*** Opening of Records to process ***

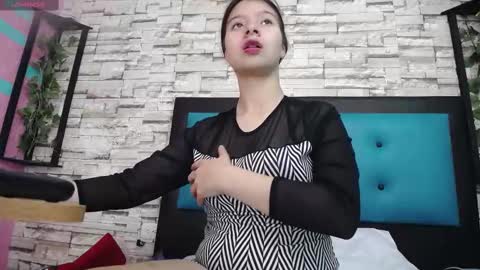 Snapshot of maily_can chatting on September 24, 1:14 pm MAILY CAN online show from September 24, 1:14 pm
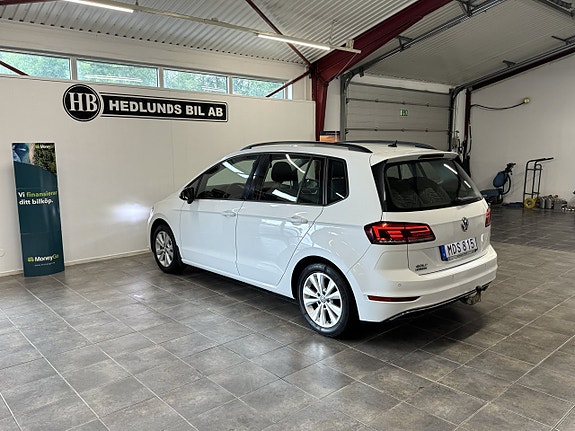 Volkswagen Golf Sportsvan 11 of 19
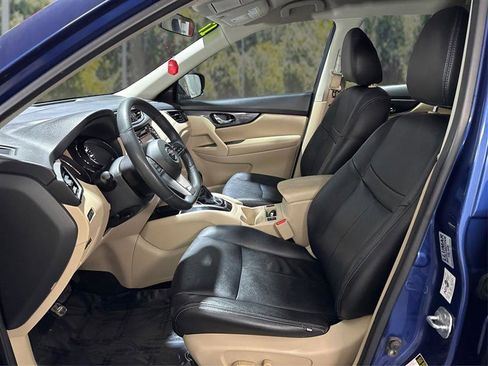 Used 2017 Nissan Rogue SV w/ SV Premium Package image 9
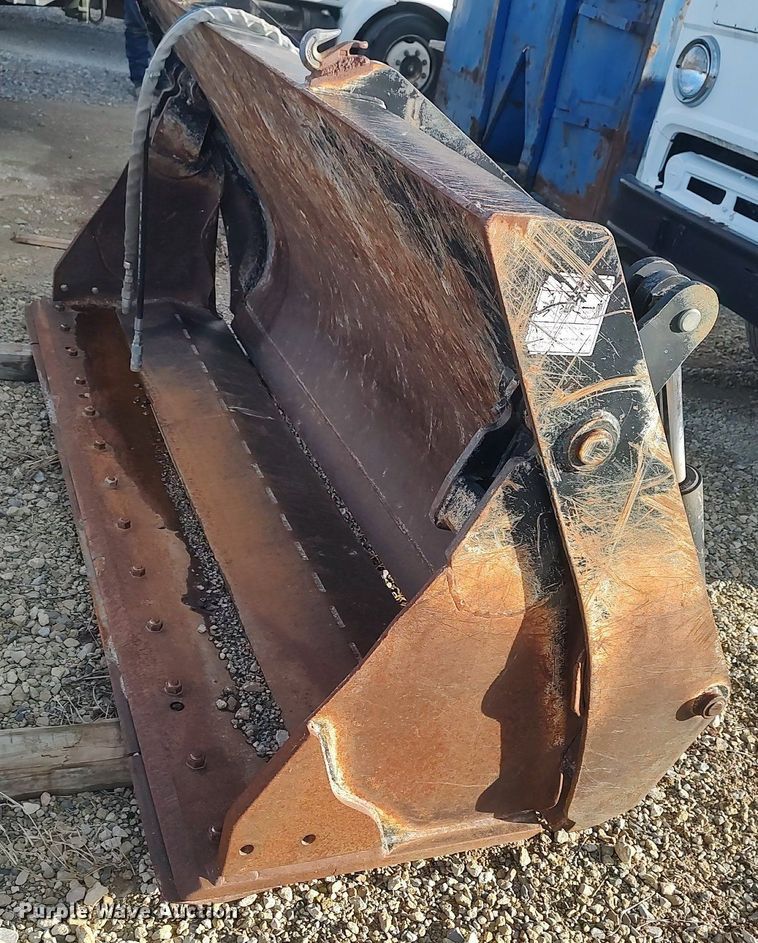 image for item LG9557 Four-in-one bucket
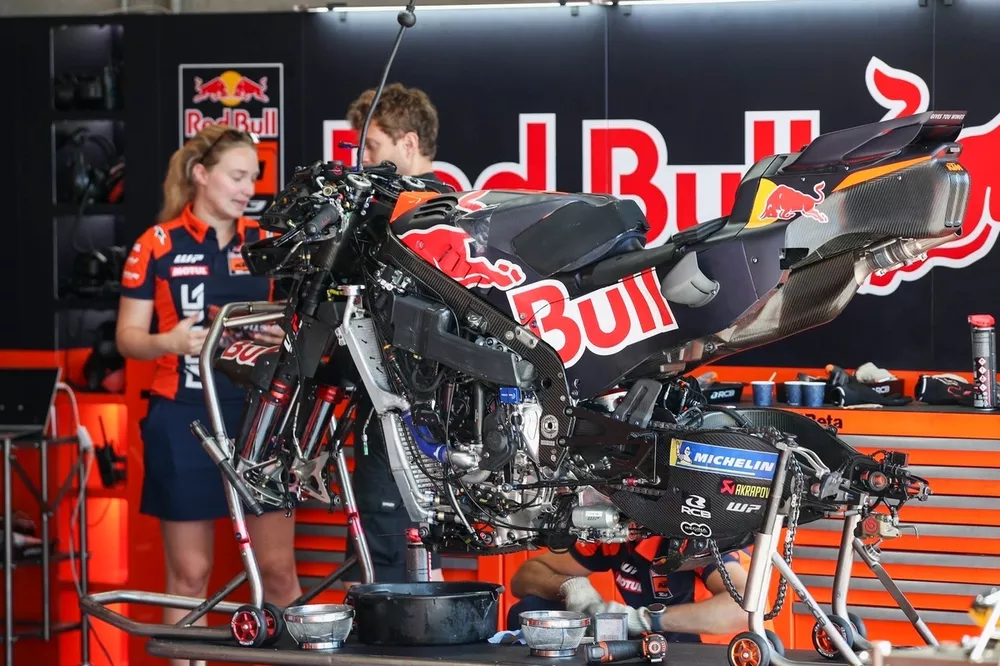 KTM、今季トラブル発生のエンジン修理を実施。原因はバルブだった？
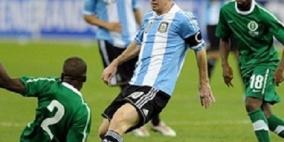 المنتخب السعودي يتوج أداءه الرائع بالتعادل مع الأرجنتين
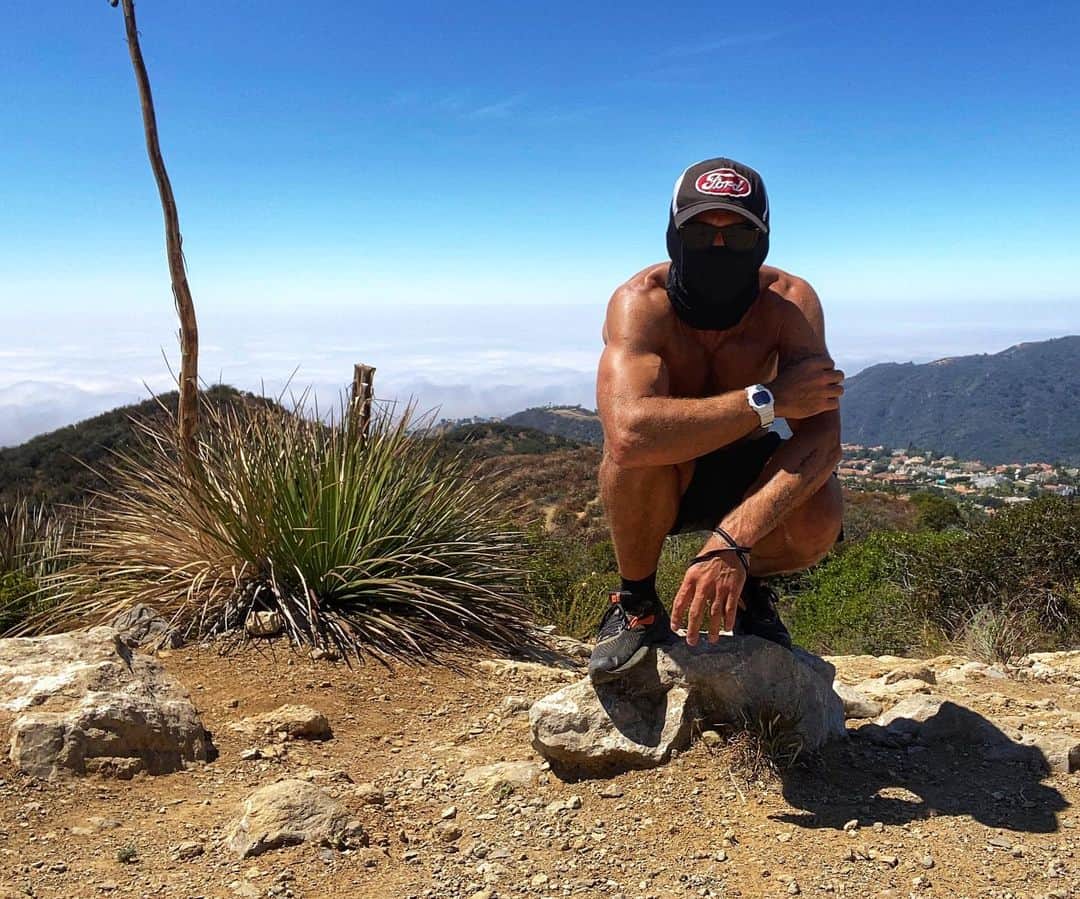 のインスタグラム：「running above the clouds.  marine layer hanging just over coast all morning. such a sight」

*** Close of Records to process ***

Your assignment: Your copy should hold all the data word for word. It should hold no pictures.

Solution for this exercise:
 Snapshot of maily_can chatting on September 24, 1:14 pm MAILY CAN online show from September 24, 1:14 pm
 Volkswagen Golf Sportsvan 11 of 19
 Used 2017 Nissan Rogue SV w/ SV Premium Package image 9
 image for item LG9557 Four-in-one bucket
 KTM、今季トラブル発生のエンジン修理を実施。原因はバルブだった？
 المنتخب السعودي يتوج أداءه الرائع بالتعادل مع الأرجنتين
 のインスタグラム：「running above the clouds.  marine layer hanging just over coast all morning. such a sight」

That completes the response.